Bibliographic Details
Main Author: Kangussu-Marcolino, Monica Mendes
Publication Date: 2013
Other Authors: Paiva, Rita Marcia Cardoso de, Araujo, Patricia Rosa, Mendonca-Neto, Rondon Pessoa de, Lemos, Laiane, Bartholomeu, Daniella Castanheira, Mortara, Renato Arruda [UNIFESP], Da Rocha, Wanderson Duarte, Teixeira, Santuza Maria Ribeiro
Format: Article
Language: eng
Source: Repositório Institucional da UNIFESP
Download full: http://dx.doi.org/10.1186/1471-2180-13-10
http://repositorio.unifesp.br/handle/11600/35883
Summary: Background: Amastins are surface glycoproteins (approximately 180 residues long) initially described in Trypanosoma cruzi as particularly abundant during the amastigote stage of this protozoan parasite. Subsequently, they have been found to be encoded by large gene families also present in the genomes of several species of Leishmania and in other Trypanosomatids. Although most amastin genes are organized in clusters associated with tuzin genes and are up-regulated in the intracellular stage of T. cruzi and Leishmania spp, distinct genomic organizations and mRNA expression patterns have also been reported.Results: Based on the analysis of the complete genome sequences of two T. cruzi strains, we identified a total of 14 copies of amastin genes in T. cruzi and showed that they belong to two of the four previously described amastin subfamilies.

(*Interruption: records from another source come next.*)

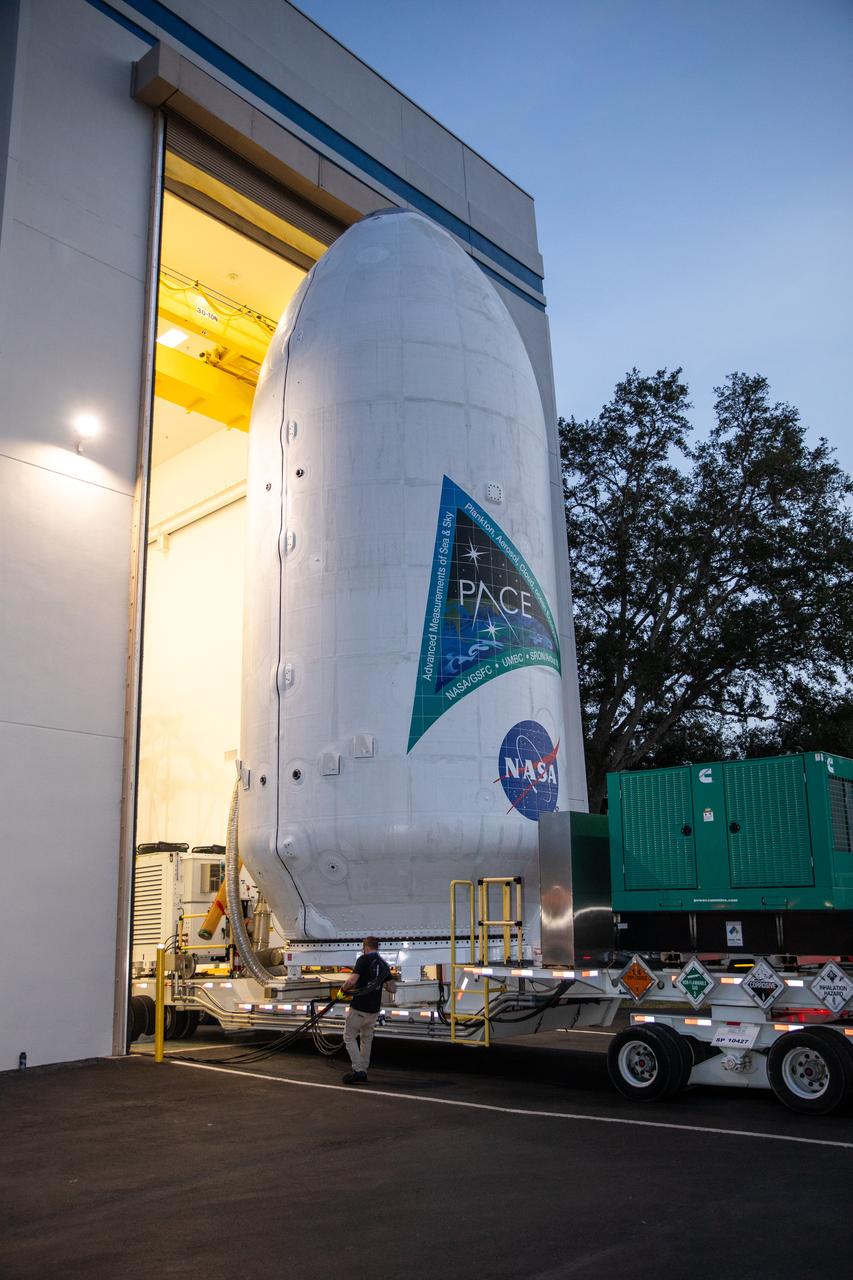 NASA’s PACE (Plankton, Aerosol, Cloud, ocean Ecosystem) spacecraft encapsulated inside SpaceX’s Falcon 9 payload fairings is transported from the Astrotech Space Operations Facility near the agency’s Kennedy Space Center in Florida to Space Launch Complex 40 at Cape Canaveral Space Force Station on Thursday, Feb. 1, 2024, to be mated with a SpaceX Falcon 9 in preparation for liftoff set for no earlier than 1:33 a.m. EST on Tuesday, Feb. 6, 2024. PACE is NASA’s newest earth-observing satellite that will help increase our understanding of Earth’s oceans, atmosphere, and climate by delivering hyperspectral observations of microscopic marine organisms called phytoplankton as well new data on clouds and aerosols.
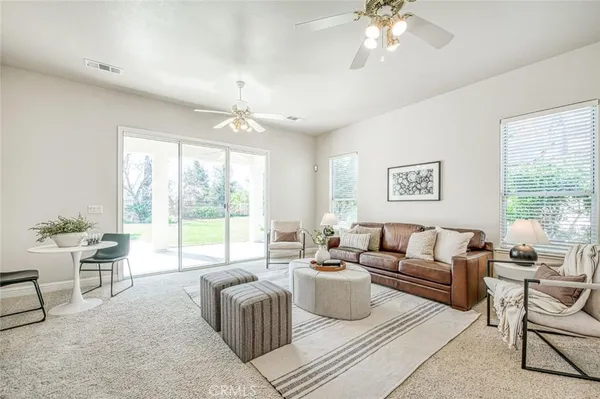a living room with furniture and a large window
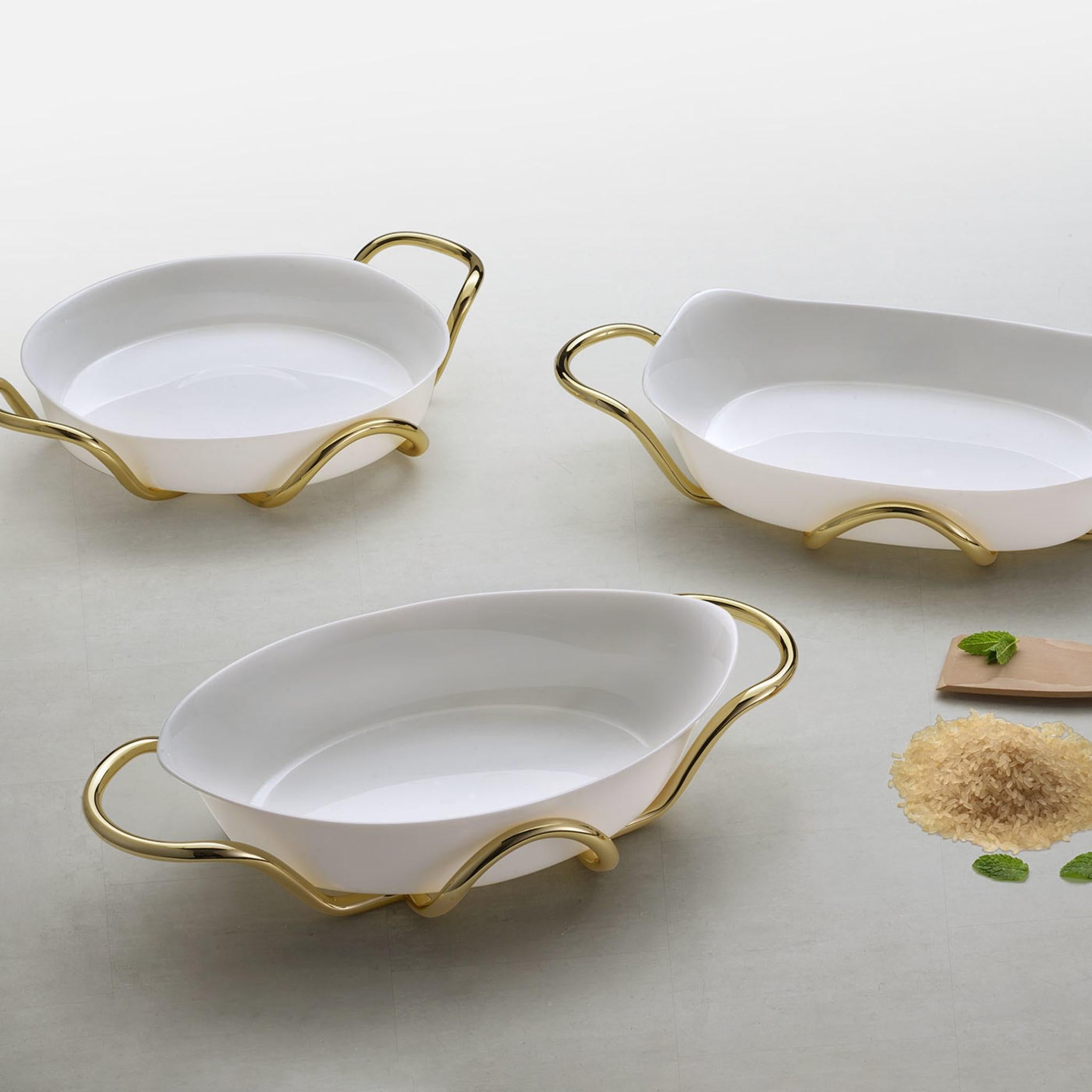 Plush and refined, this oval ceramic baking dish and its cylindrical sinuous-lined brass holder are superb for serving hot food with unprecedented elegance without direct contact with the table. A gleaming golden finish enriches the structure, which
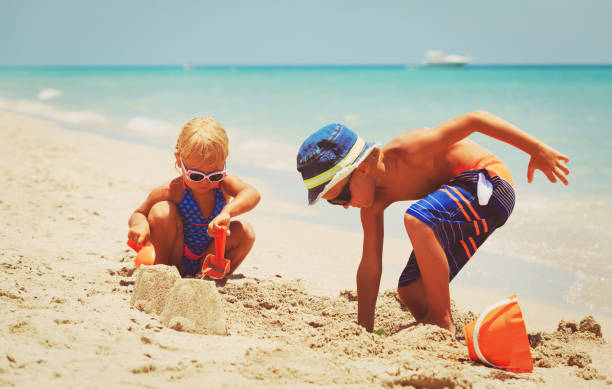 istock kids play with sand on summer beach 671327498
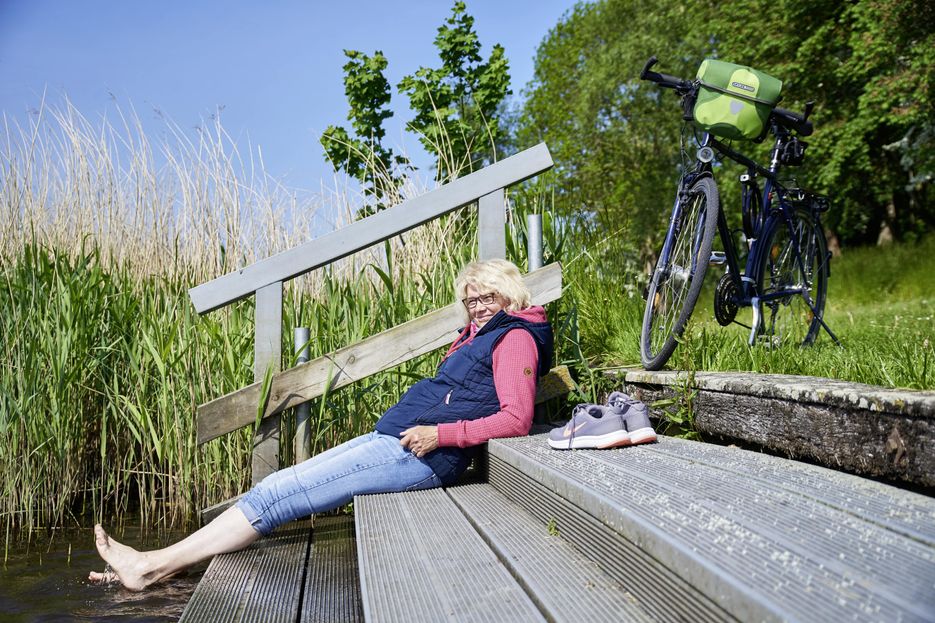 Frau macht Pause am Wasser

Whereas delta-amastin genes are organized in two or more clusters with alternating copies of tuzin genes, the two copies of beta-amastins are linked together in a distinct chromosome. Most T. cruzi amastins have similar surface localization as determined by confocal microscopy and western blot analyses. Transcript levels for delta-amastins were found to be up-regulated in amastigotes from several T. cruzi strains, except in the G strain, which is known to have low infection capacity. in contrast, in all strains analysed, beta-amastin transcripts are more abundant in epimastigotes, the stage found in the insect vector.Conclusions: Here we showed that not only the number and diversity of T. cruzi amastin genes is larger than what has been predicted, but also their mode of expression during the parasite life cycle is more complex. Although most T. cruzi amastins have a similar surface localization, only delta-amastin genes have their expression up-regulated in amastigotes. the results showing that a sub-group of this family is up-regulated in epimastigotes, suggest that, in addition of their role in intracellular amastigotes, T. cruzi amastins may also serve important functions during the insect stage of the parasite life cycle. Most importantly, evidence for their role as virulence factors was also unveiled from the data showing that delta-amastin expression is down regulated in a strain presenting low infection capacity.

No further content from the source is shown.